Und London? Dortige Banken hätten nach dem Abkommen nicht mehr die Freiheit in allen EU-Ländern Bankgeschäfte abzuschließen. Die kontinentalen Bankzentren freuen sich schon, dass dort Tochterunternehmen der Londoner Banken eröffnet werden. Diese Frage ist aber noch offen. Es könnte auch sein, dass Großkonzerne vom Kontinent und den USA ein Finanzstandort London durchsetzen.

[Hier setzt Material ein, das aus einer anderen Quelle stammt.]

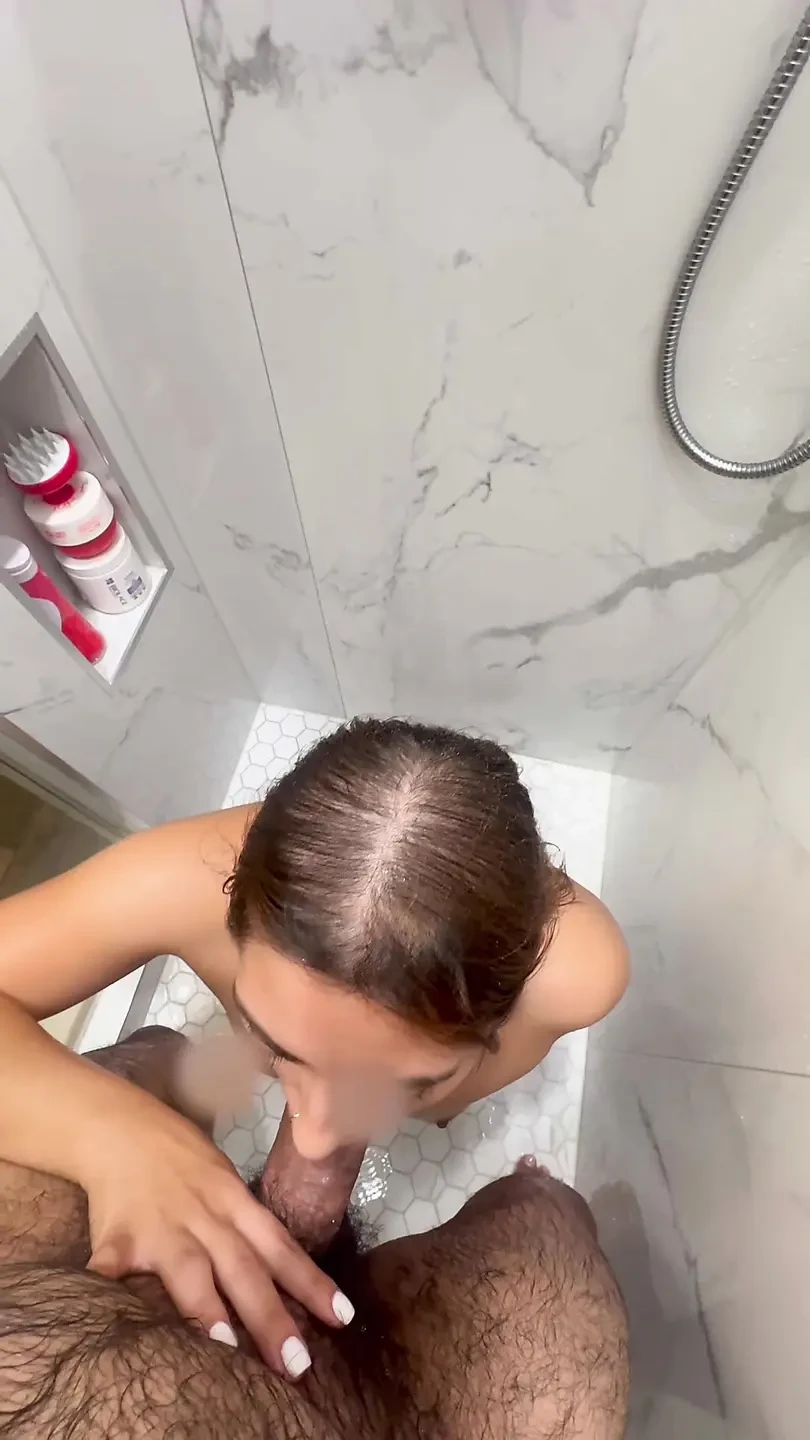 FAT ASS LATINA STEPSIS SUCKS MY COCK WHILE SHOWERING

In der EU (Berlin, Paris) ist man zufrieden. Der Freihandel und der freie Fluss des Kapitals geht bis auf weiteres weiter wie gehabt. Und die EU hat ein Zeichen gesetzt: Achtung an alle die mit dem Gedanken eines Austritts spielen, denn der Ertrag wird minimal sein. Und man wird einen Packen an Problemen aufgehalst bekommen, die es quasi unmöglich machen, den ökonomischen Status quo zu halten.
Eigene Regelungen (Lexit), die nichts zu tun haben mit den Kapitalfreiheiten des EU-Binnenmarktes muss von den Arbeitern Britanniens erstritten werden, denn mit dem jetzt ausgehandelten Diktat ist ihnen nicht gedient.